This is the mail archive of the gcc-patches@gcc.gnu.org mailing list for the GCC project.


Index Nav: [Date Index] [Subject Index] [Author Index] [Thread Index]
Message Nav: [Date Prev] [Date Next] [Thread Prev] [Thread Next]
Other format: [Raw text]

Re: [gomp4.5] depend nowait support for target


On Wed, Nov 11, 2015 at 17:52:22 +0100, Jakub Jelinek wrote:
> On Mon, Oct 19, 2015 at 10:47:54PM +0300, Ilya Verbin wrote:
> > So, here is what I have for now.  Attached target-29.c testcase works fine with
> > MIC emul, however I don't know how to (and where) properly check for completion
> > of async execution on target.  And, similarly, where to do unmapping after that?
> > Do we need a callback from plugin to libgomp (as far as I understood, PTX
> > runtime supports this, but HSA doesn't), or libgomp will just check for
> > ttask->is_completed in task.c?
> 
> Here is the patch updated to have a task.c defined function that the plugin
> can call upon completion of async offloading exection.

Thanks.

> The testsuite coverage will need to improve, the testcase is wrong
> (contains data races - if you want to test parallel running of two target
> regions that both touch the same var, I'd say best would be to use
> #pragma omp atomic and or in 4 in one case and 1 in another case, then
> test if result is 5 (and similarly for the other var).
> Also, with the usleeps Alex Monakov will be unhappy because PTX newlib does
> not have it, but we'll need to find some solution for that.
> 
> Another thing to work on beyond testsuite coverage (it is desirable to test
> nowait target tasks (both depend and without depend) being awaited in all
> the various waiting spots, i.e. end of parallel, barrier, taskwait, end of
> taskgroup, or if (0) task with depend clause waiting on that.
> 
> Also, I wonder what to do if #pragma omp target nowait is used outside of
> (host) parallel - when team is NULL.  All the tasking code in that case just
> executes tasks undeferred, which is fine for all but target nowait - there
> it is I'd say useful to be able to run a single host thread concurrently
> with some async offloading tasks.  So, I wonder if in that case,
> if we encounter target nowait with team == NULL, should not just create a
> dummy non-active (nthreads == 1) team, as if there was #pragma omp parallel
> if (0) starting above it and ending at program's end.  In OpenMP, the
> program's initial thread is implicitly surrounded by inactive parallel, so
> this isn't anything against the OpenMP execution model.  But we'd need to
> free the team somewhere in a destructor.
>
> Can you please try to cleanup the liboffloadmic side of this, so that
> a callback instead of hardcoded __gomp_offload_intelmic_async_completed call
> is used?

Do you mean something like the patch bellow?  I'll discuss it with liboffloadmic
maintainers.

> Can you make sure it works on XeonPhi non-emulated too?

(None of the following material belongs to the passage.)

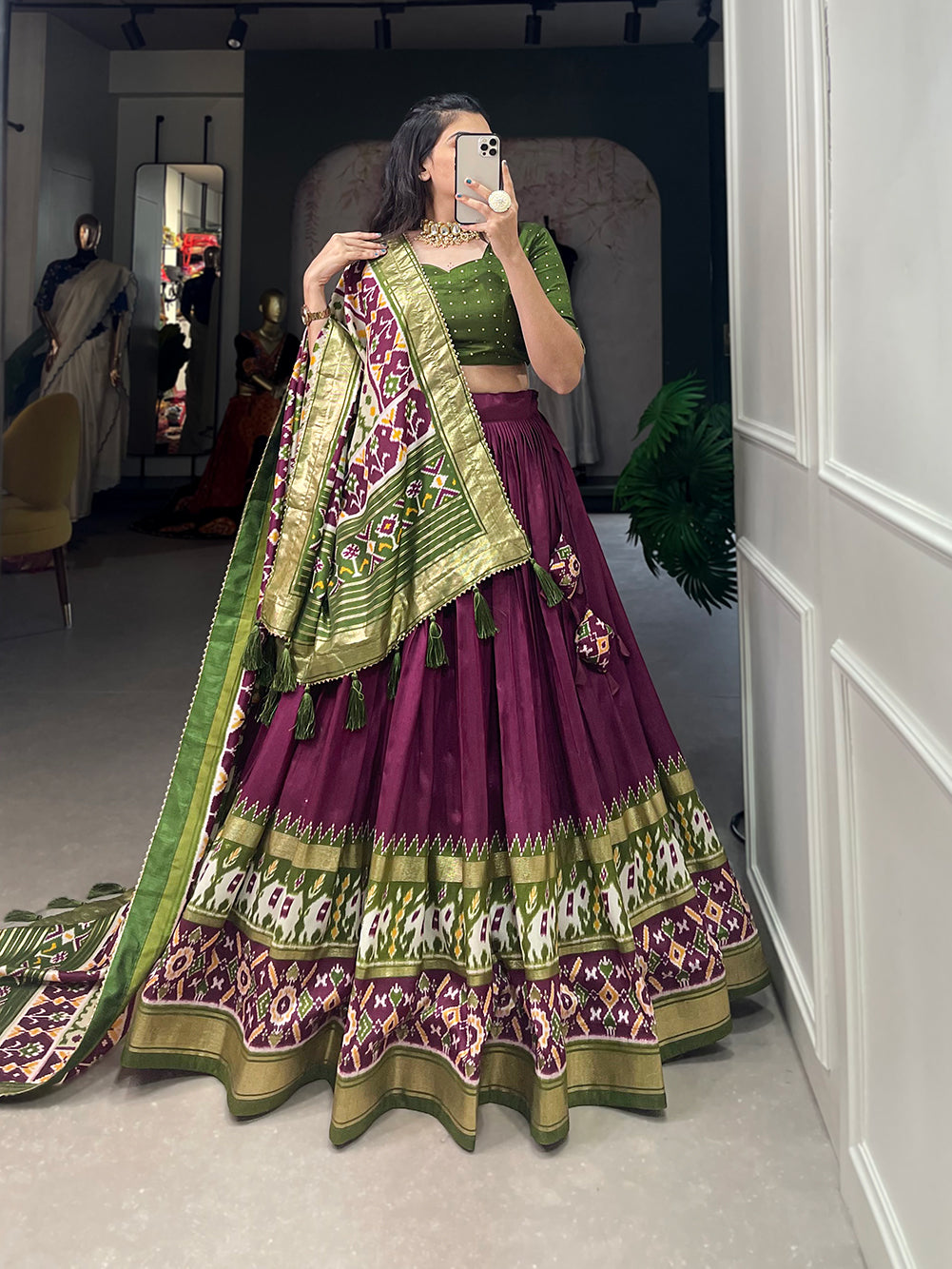 Patola Printed Foil Work Tussar Silk Lehenga Choli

I'm trying to do it, but it will take some time...

Unfortunately, target-32.c fails for me using emulation mode:

Program received signal SIGSEGV, Segmentation fault.
#0  0x00007ff4ab1265ed in priority_list_remove (list=0x0, node=0x7ff49001afa0, model=MEMMODEL_RELAXED) at libgomp/priority_queue.h:422
#1  0x00007ff4ab1266d9 in priority_tree_remove (type=PQ_CHILDREN, head=0x1883138, node=0x7ff49001afa0) at libgomp/priority_queue.c:195
#2  0x00007ff4ab10fa06 in priority_queue_remove (type=PQ_CHILDREN, head=0x1883138, task=0x7ff49001af30, model=MEMMODEL_RELAXED) at libgomp/priority_queue.h:468
#3  0x00007ff4ab11570d in gomp_task_maybe_wait_for_dependencies (depend=0x7ff49b0d9de0) at libgomp/task.c:1539
#4  0x00007ff4ab11fd46 in GOMP_target_enter_exit_data (device=-1, mapnum=3, hostaddrs=0x7ff49b0d9dc0, sizes=0x6020b0 <.omp_data_sizes.38>, kinds=0x6020a0 <.omp_data_kinds.39>, flags=2, depend=0x7ff49b0d9de0) at libgomp/target.c:1662
#5  0x00000000004011f9 in main._omp_fn ()
#6  0x00007ff4ab1160f3 in gomp_thread_start (xdata=0x7fffe93766a0) at libgomp/team.c:119
#7  0x0000003b07e07ee5 in start_thread () from /lib64/libpthread.so.0
#8  0x0000003b076f4b8d in clone () from /lib64/libc.so.6

However when I manually run commands from testsuite/libgomp.log under the same
environment, it passes.  Don't know where is the difference.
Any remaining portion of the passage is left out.